In 1995, he married Teresa Heinz, an heiress. Since she owns several vacation homes, some Bush operatives think "lifestyle" could be an issue. But the Bush campaign will be unable to reconstruct a humble log cabin for the president. Both men are rich, so let's make the contest a yacht race between Nantucket and Kennebunkport! We'd get new cliches. We'd swap the race-track front-runners and dark horses for tacking to starboard and the sending all flags flying.

Bush is supposedly more likeable than Kerry. That's what many in Massachusetts thought about Gov. William F. Weld, who won re-election in 1994, then took on Kerry for the Senate in 1996. Weld was an affable and intelligent right-winger who switched sides to support abortion rights, easily charming many Massachusetts liberals.

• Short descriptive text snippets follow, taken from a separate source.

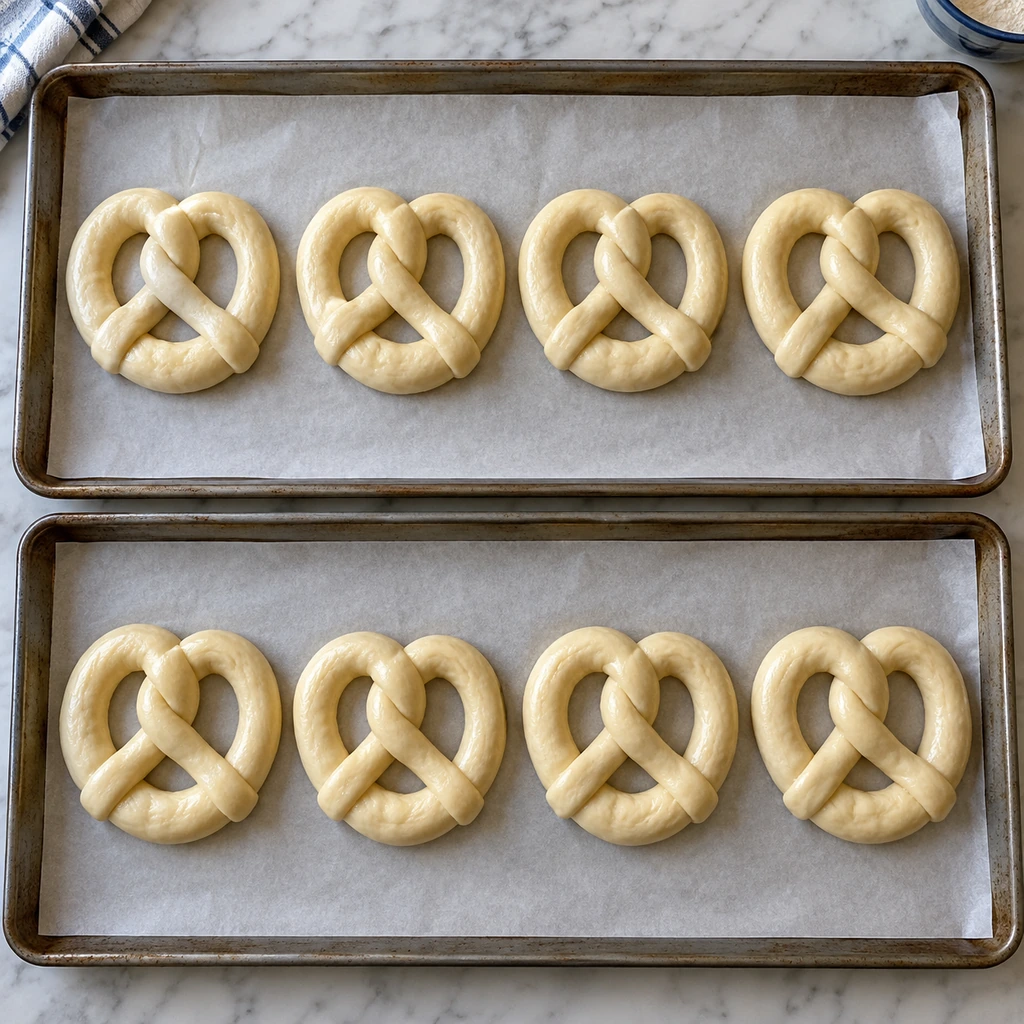 Exactly eight raw soft pretzels shaped and arranged on two parchment-lined trays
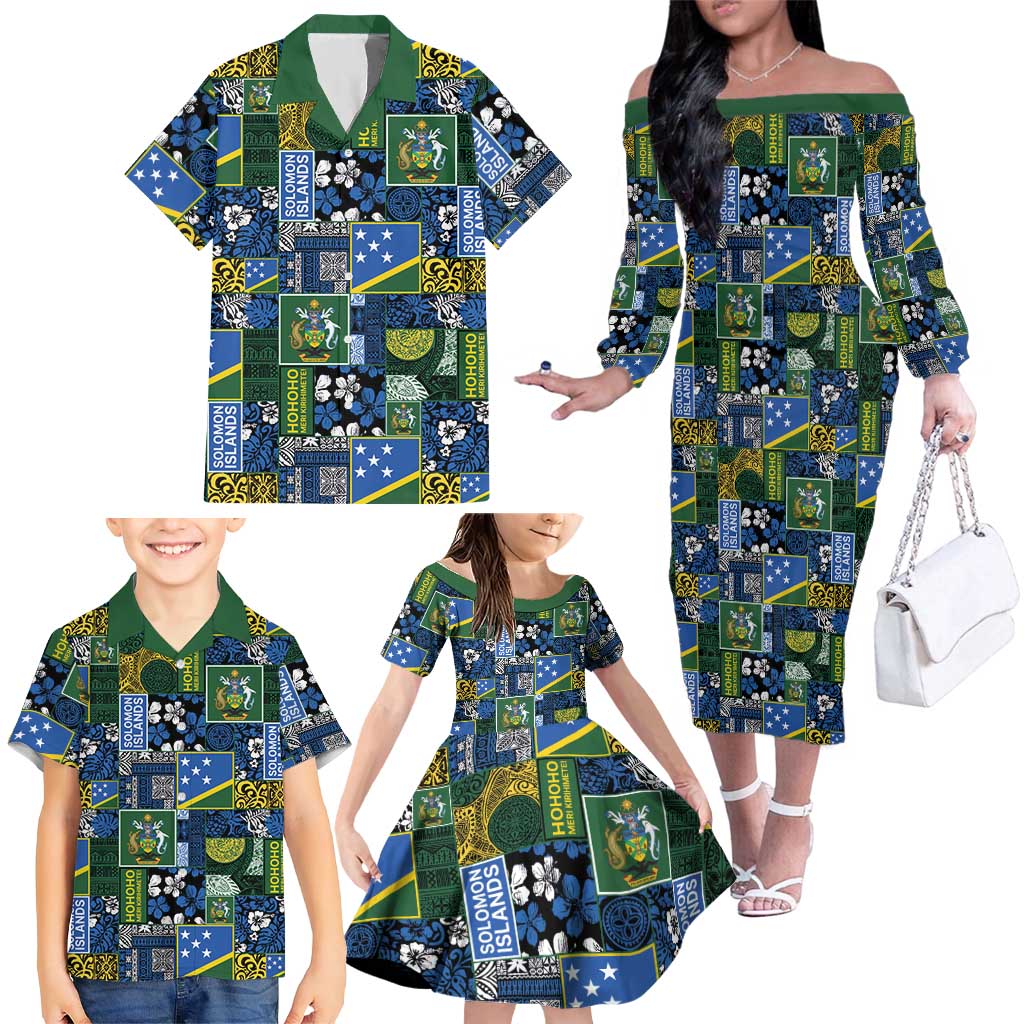 Solomon Islands Meri Kirihimete Family Matching Off The Shoulder Long Sleeve Dress and Hawaiian Shirt Pacific Patchwork Xmas Vibes - Polynesian Pride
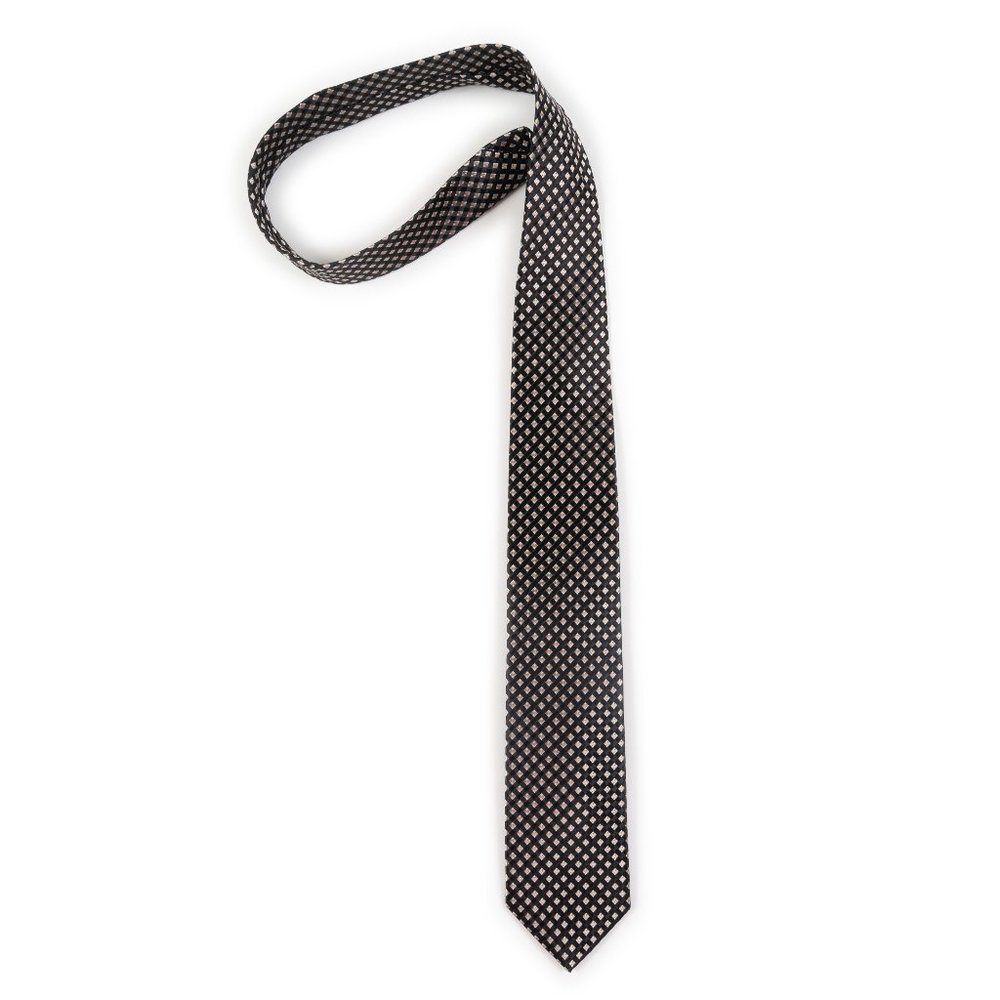 MICHAEL Michael Kors black tan check 100% silk neck tie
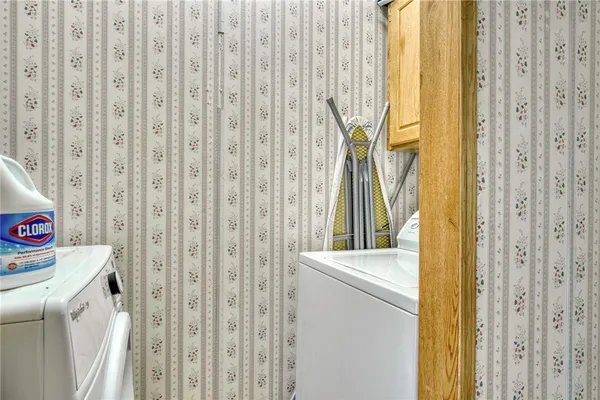 a utility room with a window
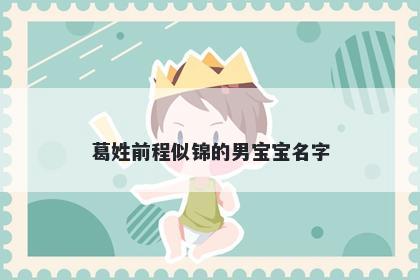 葛姓前程似锦的男宝宝名字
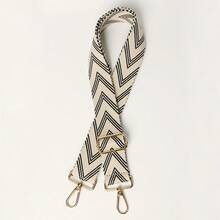 Beige V-Shaped Geometric Jacquard Nylon Adjustable Rotatable Replaceable Bag Strap, Backpack Travel Luggage Accessory, Versatile Instrument Strap, Gift For Family And Friends, Travel Essential - Beige - View 2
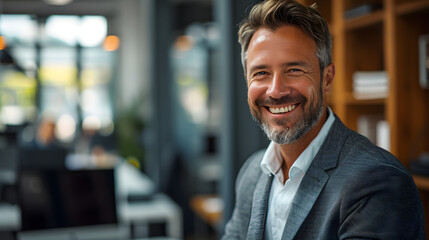 Fototapeta premium A prosperous businessman grinning at work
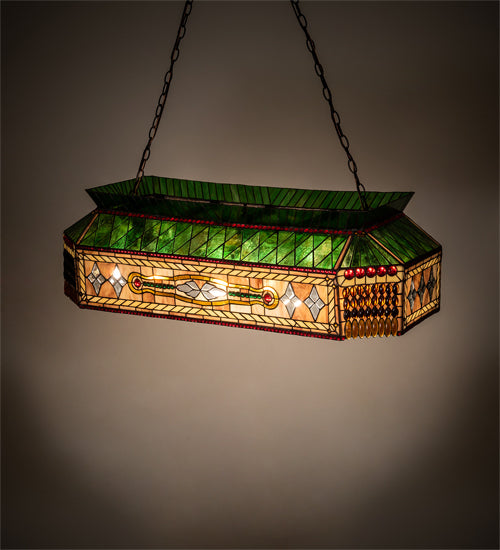 Meyda Lighting Gold Fringe 40" 9-Light Mahogany Bronze Island Pendant Light With Multi-Colored Stained Shade Glass
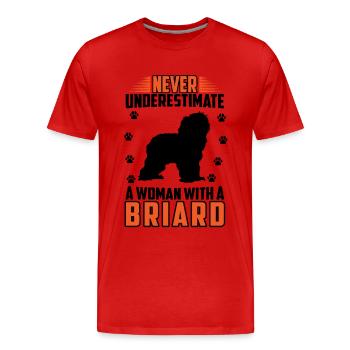Frau mit Briard Berger de Brie - Männer Premium Bio T-Shirt - Rot - Vorne - Damien (186cm)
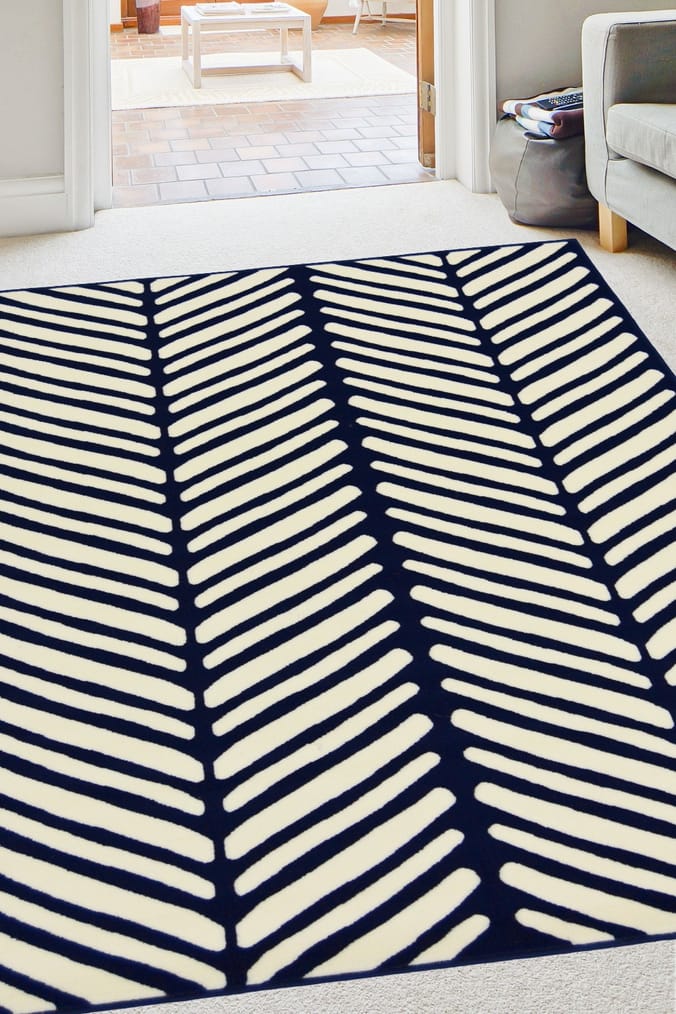 Navy Chevron Rug, rugs, navy blues patterned zig zag living room
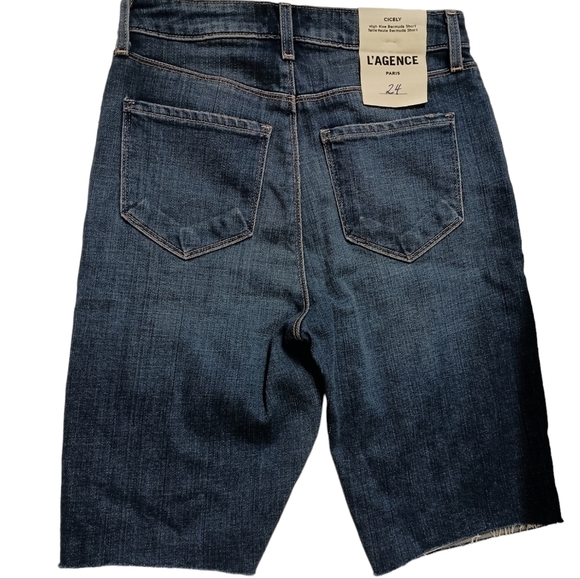L'Agence Raw Hem High Rise Bermuda Shorts Size 24 MSRP $220 NWT - Picture 2 of 7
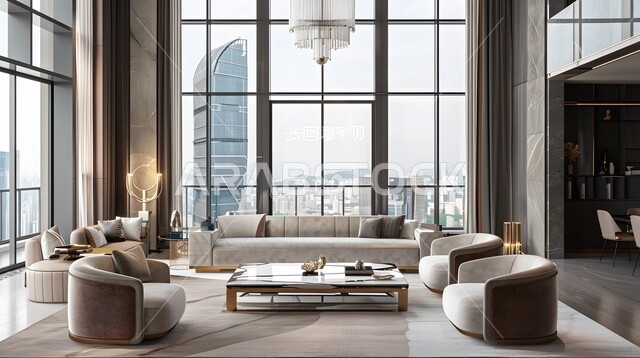 غرفة معيشة بتصاميم عصرية حديثة، النوافذ الزجاجية المطلة على الابراج في غرف الجلوس, أثاث منزلي راقي، تصميمات وديكورات فاخرة على الطراز الحديث، فلل و قصور سكنية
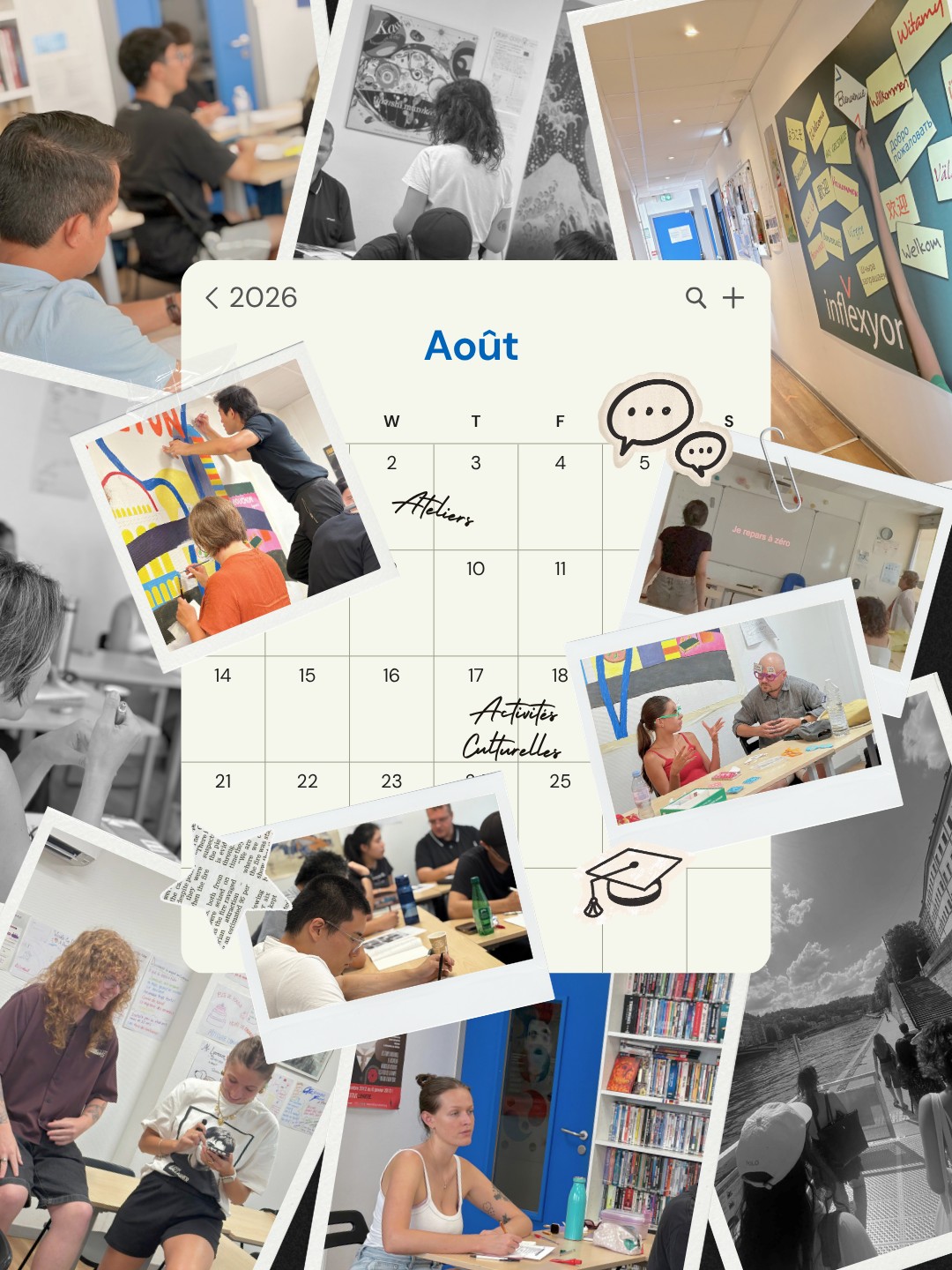 ☀️ Août chez Inflexyon 💙
Un mois de français, de découvertes et de beaux moments partagés ! 🇫🇷✨
Entre les cours, le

Weld was ahead because pundits and academics value likability, while many voters prefer the tougher guy. During seven televised debates, Kerry came back, reminding voters why the governor was a Republican. Weld didn't lose his likability, but lost the election. The same thing could happen to George W. Bush.

The last extended conversation I had with Kerry was in 2001, over breakfast at the Fairmont Hotel. After three decades, he had endured and matured. His authenticity was vivid, Chuck Colson's charges notwithstanding. His charm was without calculation, and his most beguiling trait was intellectual curiosity, another trait he shares with another JFK. As our conversation ranged from the Alaska wilderness to the role of Frederick Law Olmsted in the Boston parks system, the thought struck me that while the last seven presidents have talked about "energy independence," Kerry understands it.

Kerry's self-confidence and intellect blend with his toughness, as Bush may discover. The president may win in November, but he'll know he's been in a fight.